Franz Büchner (1895-1991), since 1936 (and until 1963) successor of Ludwig Aschoff as chair of pathology at the University Freiburg, was the only German physician who uttered an open protest against the so-called “euthanasia,” the murder of the disabled. Büchner did this in a lecture “The Oath of Hippocrates,” held on November 18th, 1941, in the main lecture hall of the university. His contemporaries clearly perceived the protest. Büchner, however, did not engage in resistance against the Nazi-regime. He remained a loyal German professor, working in some fields of military medicine and held the rank of medical officer of the army. After 1945 his protest was interpreted as a sign that the Freiburg University as a whole should have been a kind of castle of resilience against Nazi-ideology.

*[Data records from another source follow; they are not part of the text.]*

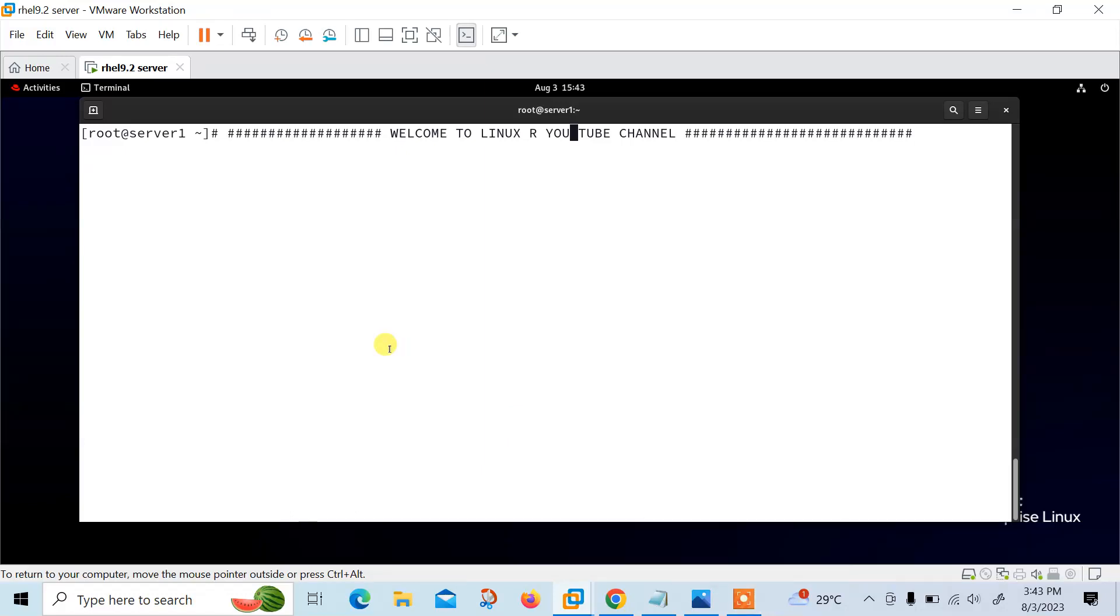Hi guys, welcome to Lynxar YouTube channel. My name is Ramesh and I'm your online instructor. In this video I will tell you how to install Jenkins using Docker. Let's begin the topic.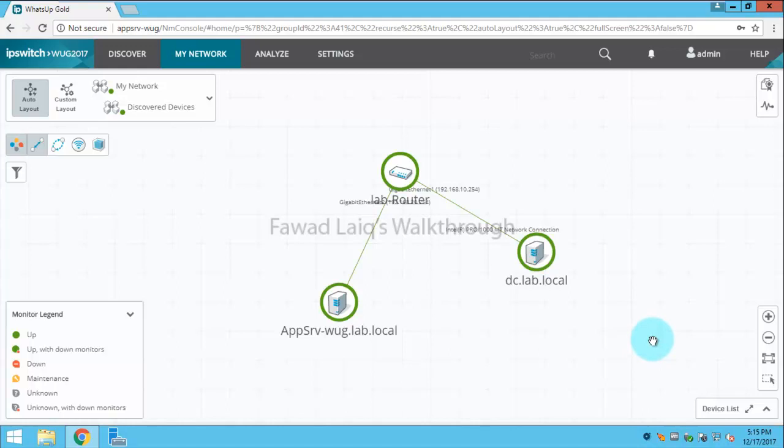Hello and welcome to Fawad Laiq's walkthrough videos. Today we are going to look at how to manage maps, how to create custom maps.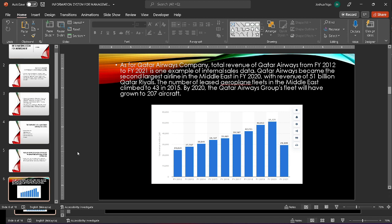The first example from Qatar Airways is the total revenue from the year 2012 to 2021. Qatar Airways became the second largest airline in the Middle East in 2020 with revenue of 51 billion Qatar riyals.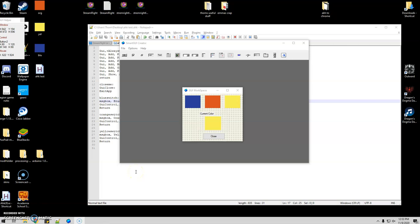Hello again. So this is going to be my third installment of just creating GUIs. Getting a little bit more fancy here.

But reality looked different. Büchner himself had quite a realistic view of his role during the Nazi-era as well as of the behaviour of his colleagues.

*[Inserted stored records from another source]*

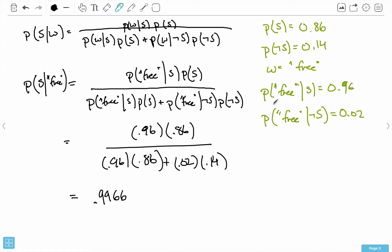There's actually a problem with this approach that I'm going to address in the next video: we're only looking at a single word, but we want to look at all the words in our email. I'm also going to talk about why it's called naive Bayes in the next video, because of the assumption we make.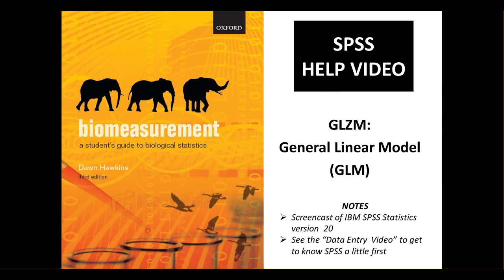Hello. In this video, we're going to look at using SPSS to do a generalized linear model. In particular, we're going to look at the part of the generalized linear model that you would use when your dependent variable, which we will refer to as a response variable in this context, can be assumed to be normally distributed. This is called the general linear model, or GLM for short.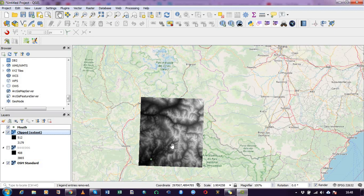So that's how simple it is to subset or to clip a raster file in QGIS.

The project at FRIAS relies on printed sources, but especially on archival material, the scientific depositum of Franz Büchner, now held in the university archive. Its aim is to analyse the room of manoeuvre of a German professor in a totalitarian system. Additionally, the reception of Büchner´s protest in the memory culture up to the present day will be examined.